In [4]: list(fq.bootstrap('a8932c7e-063c-4131-ab96-996d843998e9', Path('/tmp/kgdstryout')))
/home/adina/env/ebrains/lib/python3.10/site-packages/fairgraph/fields.py:256: UserWarning: 'str' object has no attribute 'get'
  warnings.warn(str(err))
/home/adina/env/ebrains/lib/python3.10/site-packages/fairgraph/fields.py:96: UserWarning: Field 'full_documentation' is required but was not provided.
  warnings.warn(errmsg)
/home/adina/env/ebrains/lib/python3.10/site-packages/fairgraph/fields.py:256: UserWarning: data must be a list or dict
  warnings.warn(str(err))
/home/adina/env/ebrains/lib/python3.10/site-packages/fairgraph/fields.py:96: UserWarning: Field 'value' should be of type (<class 'float'>,), not <class 'int'>
  warnings.warn(errmsg)
/home/adina/env/ebrains/lib/python3.10/site-packages/fairgraph/fields.py:256: UserWarning: data must be a list or dict                                                          
  warnings.warn(str(err))                                                                                                                                                       
/home/adina/env/ebrains/lib/python3.10/site-packages/fairgraph/fields.py:96: UserWarning: Field 'full_documentation' is required but was not provided.
  warnings.warn(errmsg)
/home/adina/env/ebrains/lib/python3.10/site-packages/fairgraph/fields.py:96: UserWarning: Field 'value' should be of type (<class 'float'>,), not <class 'int'>
  warnings.warn(errmsg)
/home/adina/env/ebrains/lib/python3.10/site-packages/fairgraph/fields.py:256: UserWarning: data must be a list or dict                                                          
  warnings.warn(str(err))                                                                                                                                                       
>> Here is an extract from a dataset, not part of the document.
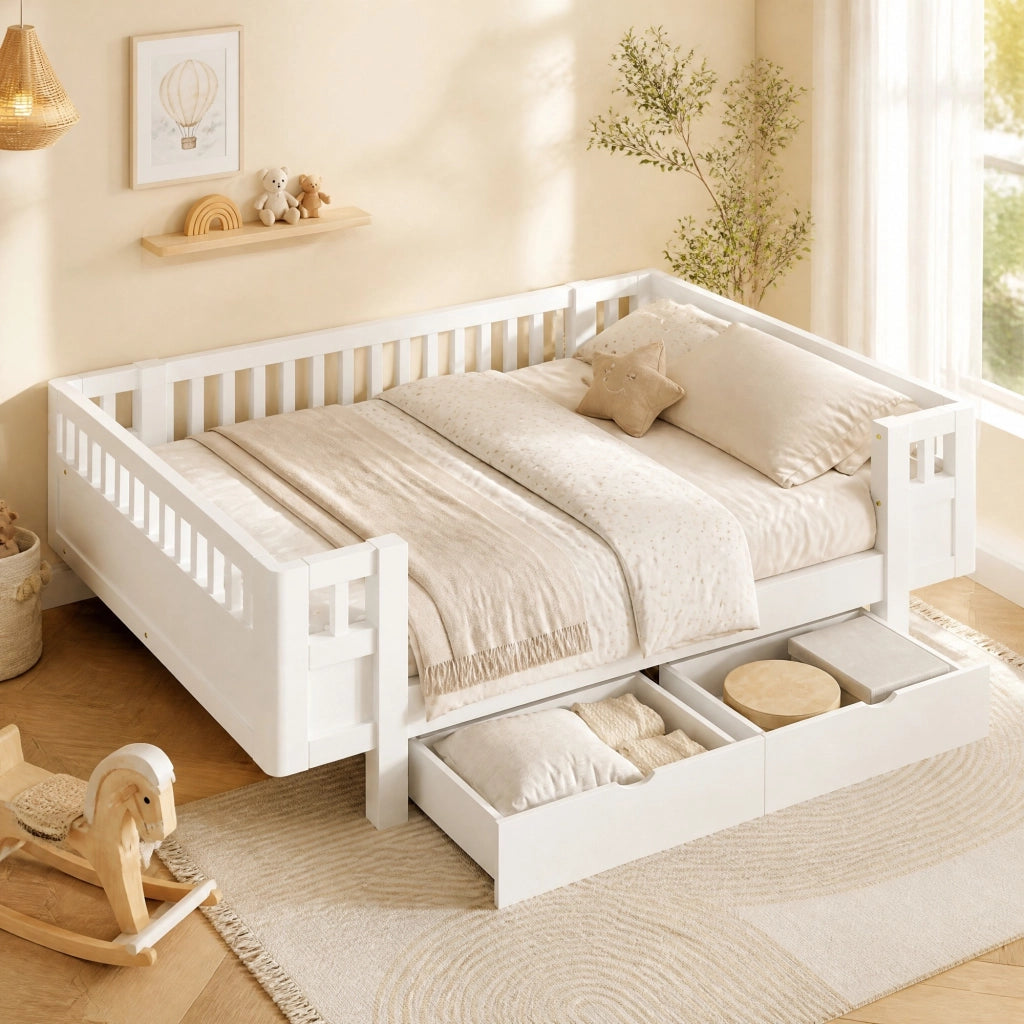 Letto per bambini con barriera alta e 2 cassetti, bianco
/home/adina/env/ebrains/lib/python3.10/site-packages/fairgraph/fields.py:96: UserWarning: Field 'full_documentation' is required but was not provided.
  warnings.warn(errmsg)
/home/adina/env/ebrains/lib/python3.10/site-packages/fairgraph/fields.py:96: UserWarning: Field 'value' should be of type (<class 'float'>,), not <class 'int'>
  warnings.warn(errmsg)
/home/adina/env/ebrains/lib/python3.10/site-packages/fairgraph/fields.py:256: UserWarning: data must be a list or dict                                                          
  warnings.warn(str(err))                                                                                                                                                       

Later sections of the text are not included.